Trouble finding market value of real estate


I am currently having a very tough time figuring out the market value of real estate in my area of Southern California. The issue is figuring out what is the market value is of properties I am interested in reselling…Do you eliminate short sales and REO properties from your analysis of comparable properties because it seems standard sales usually sell for more money? Or can you get the value by looking at all the available properties on the MLS similar to the sqft of my property?
Sometimes the deals I see are still a deal either way, but a lot of times I pass on properties because of this that I see others buy. I talked to two successful real estate agents and they had opposite answers. One says you have to eliminate short sales/foreclosures in your analysis and sells a lot of real estate at top dollar. The other says the short sales/REO are the market and should be calculated and sells just as much real estate. On one hand, I feel I am losing out on properties because I offer too low, and on the other, if I lose money on a deal, I may no longer have enough cash to invest. Please advise. Thank you in advance for any help.
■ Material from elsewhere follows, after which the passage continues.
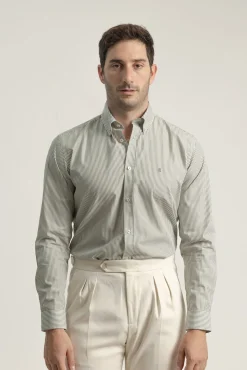 Camisa riscas de algodão slim fit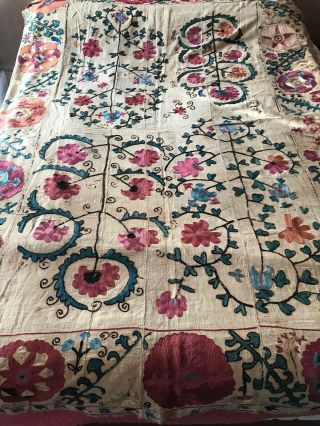 Antique Late 18th Or Early 19th Suzani (needlework) Probably From Uzbekistan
There are a ton of REOs on the market. To completely eliminate them from your analysis of value would be poor judgement in my opinion. One thing to realize is that the majority of REOs are going to need some work. Some more than others. Some of them will need so much work that they would never pass an inspection for a potential buyer to get a loan on them. That all has to be factored in.
But the bottom line is the foreclosed homes are out there and they’re driving down the values of all the other houses on the market. That’s why you hear of banks wanting to hold some of their inventory off the market and just releasing some homes for market. Flooding the market with foreclosed homes would drive down prices even more.

Thanks for your input, but I don’t understand which one you are saying I should do. I’m sorry, I just realized I should probably be more clear and say I am more interested in how to find out what the after repaired value will be. You said to not eliminate short sales and REO’s from my analysis, but then you say the majority of them need work and are dragging down prices, so if I am flipping a house it seems you are saying it makes sense for me to eliminate them and just look at standard sales that are in good condition to find my value because that is what my property will be. Correct?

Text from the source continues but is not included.